• **Exercise details**
Drop the pictures and repeat the remaining data exactly.

• **Dataset excerpt**
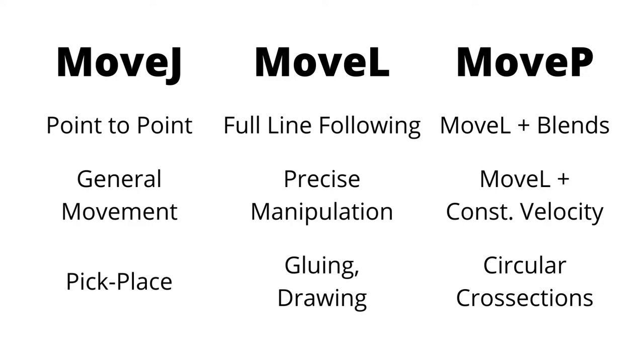This simple table should give you a general idea of what each move command would typically be used for. You should now be able to distinguish between the pros and cons of each move command when programming operations on the Cobot.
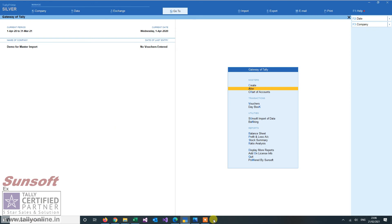So this is a useful utility if you want to start Tally and implement Tally. Thank you friends. Thank you.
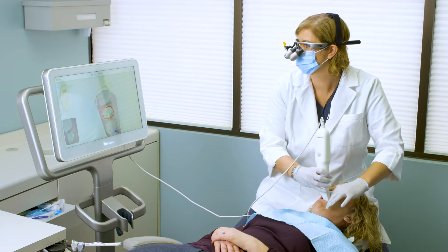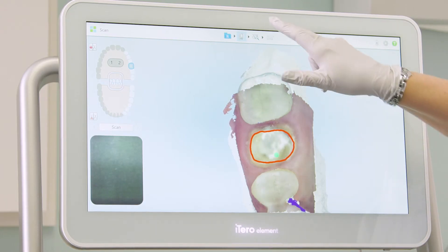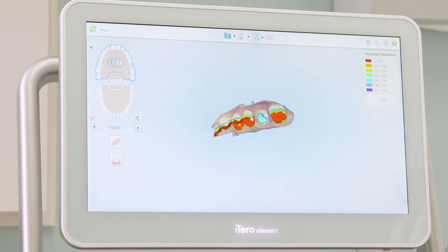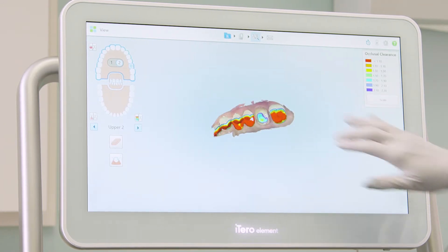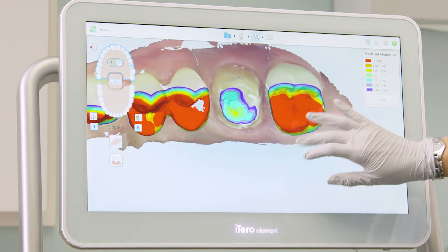And tap on the view icon to see the adjusted model in high resolution. I can also use the eraser tool to remove any artifacts that are on the margin.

• **Solved exercise**
This simple table should give you a general idea of what each move command would typically be used for. You should now be able to distinguish between the pros and cons of each move command when programming operations on the Cobot.
So this is a useful utility if you want to start Tally and implement Tally. Thank you friends. Thank you.
And tap on the view icon to see the adjusted model in high resolution. I can also use the eraser tool to remove any artifacts that are on the margin.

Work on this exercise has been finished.